- **Your goal**
Without the pictures, copy all the entries below exactly.

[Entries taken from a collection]
▬▬▬
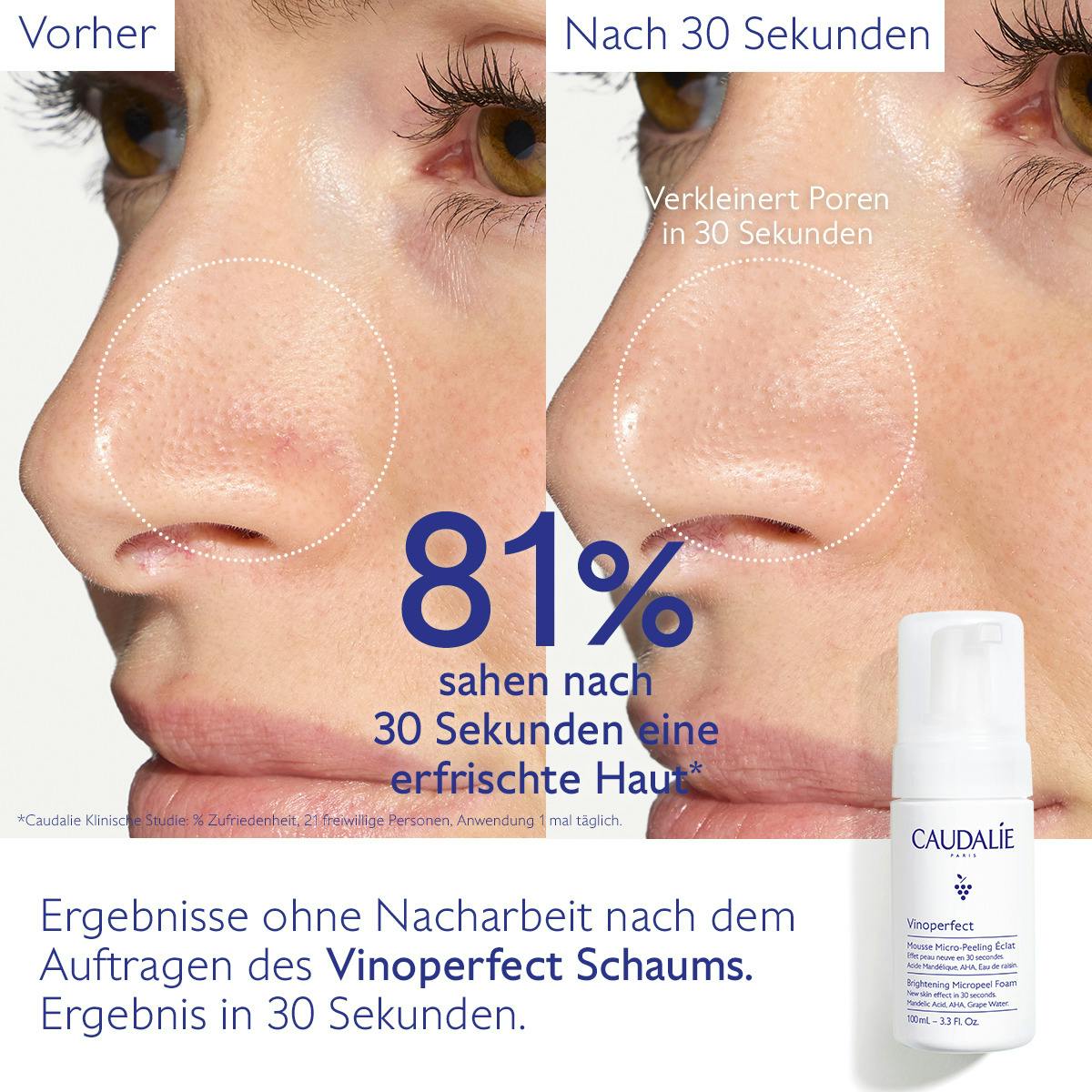 Mikro-Peeling Schaum Ausstrahlung mit Mandelsäure (AHA)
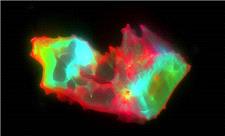 کشف ساختارهای عجیب و غریب در خون افراد مبتلا به کووید طولانی‌مدت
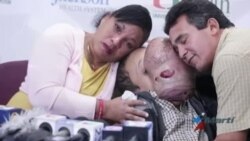 Doctor Marx celebra el valor de fallecido adolescente cubano con tumor en el rostro
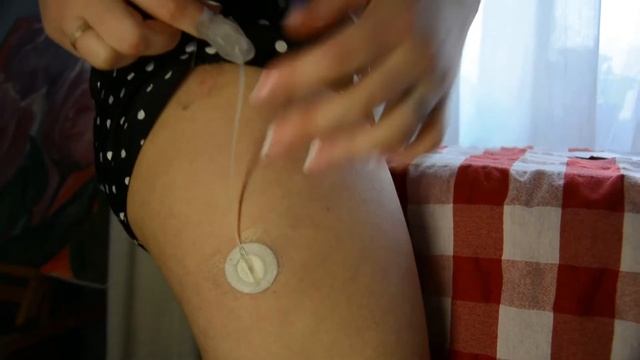 Катетеры ШуаТи (Sure-T) обзор. Как выглядит игла ШуаТи от Medtronic смотреть онлайн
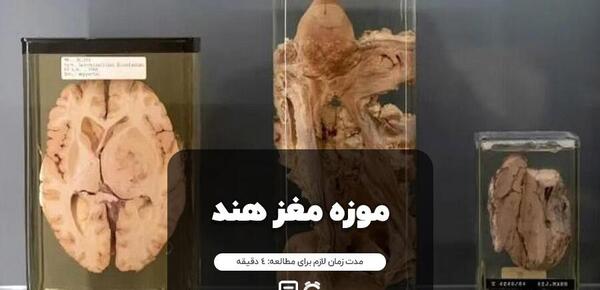 نوزاد ترسناک عکس مغز انسان واقعی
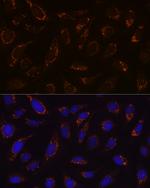 DLD Antibody in Immunocytochemistry (ICC/IF)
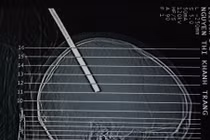 Bỗng nhiên bị cây sắt rơi trúng đầu, xuyên sâu 10cm 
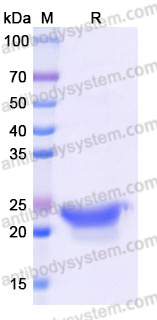Recombinant Mouse CD252/OX40L Protein, N-8*His (Active)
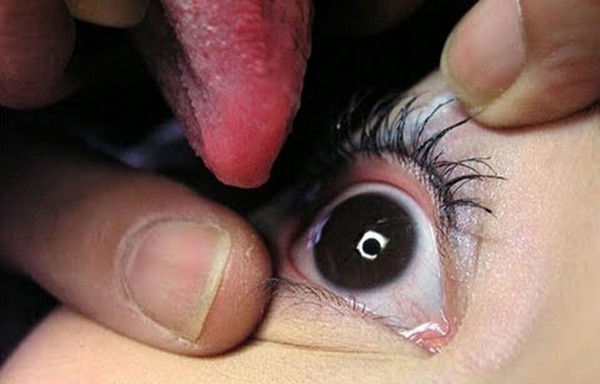 Cụ bà chữa bệnh bằng cách liếm vào nhãn cầu Cụ bà chữa bệnh bằng cách liếm vào nhãn cầu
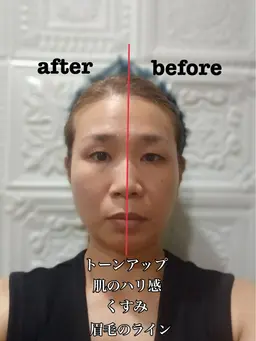 【人気No.1】✨フェイシャルワックス〈顔＋首＋デコルテ〉✨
▬▬▬
- **Exercise answer**
 Mikro-Peeling Schaum Ausstrahlung mit Mandelsäure (AHA)
 کشف ساختارهای عجیب و غریب در خون افراد مبتلا به کووید طولانی‌مدت
 Doctor Marx celebra el valor de fallecido adolescente cubano con tumor en el rostro
 Катетеры ШуаТи (Sure-T) обзор. Как выглядит игла ШуаТи от Medtronic смотреть онлайн
 نوزاد ترسناک عکس مغز انسان واقعی
 DLD Antibody in Immunocytochemistry (ICC/IF)
 Bỗng nhiên bị cây sắt rơi trúng đầu, xuyên sâu 10cm 
Recombinant Mouse CD252/OX40L Protein, N-8*His (Active)
 Cụ bà chữa bệnh bằng cách liếm vào nhãn cầu Cụ bà chữa bệnh bằng cách liếm vào nhãn cầu
 【人気No.1】✨フェイシャルワックス〈顔＋首＋デコルテ〉✨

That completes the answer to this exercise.